The New Yorker has a fascinating article about Megan Phelps-Roper, a grand-daughter of Fred Phelps, founder of the Westboro Baptist Church. For years, WBC used Megan the way a lot of groups use their young people, to give them a presence on social media. But a funny thing happened: As she tried to humanize the image of her cult to others, she began to see the humanity in them as well. Eventually she had to leave the church.
The article is a marvelous illustration of how people convert from cults: It wasn't just that she learned new ideas (because Satan is is clever, and can make any kind of wickedness sound good), nor that she started to like the people she was interacting with (because nice people can be deluded). It took a combination of the two: thoughtful discussion with people she couldn't see as evil, plus the dysfunctional internal politics of WBC.

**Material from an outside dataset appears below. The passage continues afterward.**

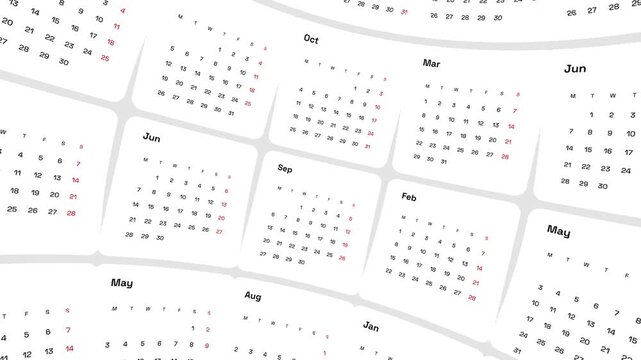 2027 Wall Calendar Animation Motion Background 12 Months Days Dates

So Politico thinks it needs to make an "unconventional hire" to bring in a more conservative viewpoint. When is any "centrist" media outlet going to do some similar affirmative action on the left? Why can't there be voices in mainstream media that are unabashedly socialist?
Derrick Lemos puts words around something a lot of us have been thinking:
I’ve been really angry and depressed for the last few months. I’ve finally pieced together why.
I’m afraid.
I’m not afraid of teenagers building clocks. I’m not afraid of women having economic empowerment or sexual freedom. I’m not afraid of weddings with two grooms/brides, trans folks using bathrooms, Latinos making a living or Black people wearing hoodies and playing music.
I’m afraid of an angry white dude with a gun who’s been told repeatedly that HIS country is dying and HE needs to take it back.
and let's close with something upbeat
Because I think we need a lift about now. Every era and subculture has its own style, but there's something universal about dancing, as you see in this mash-up of "Uptown Funk" with classic movie dance numbers.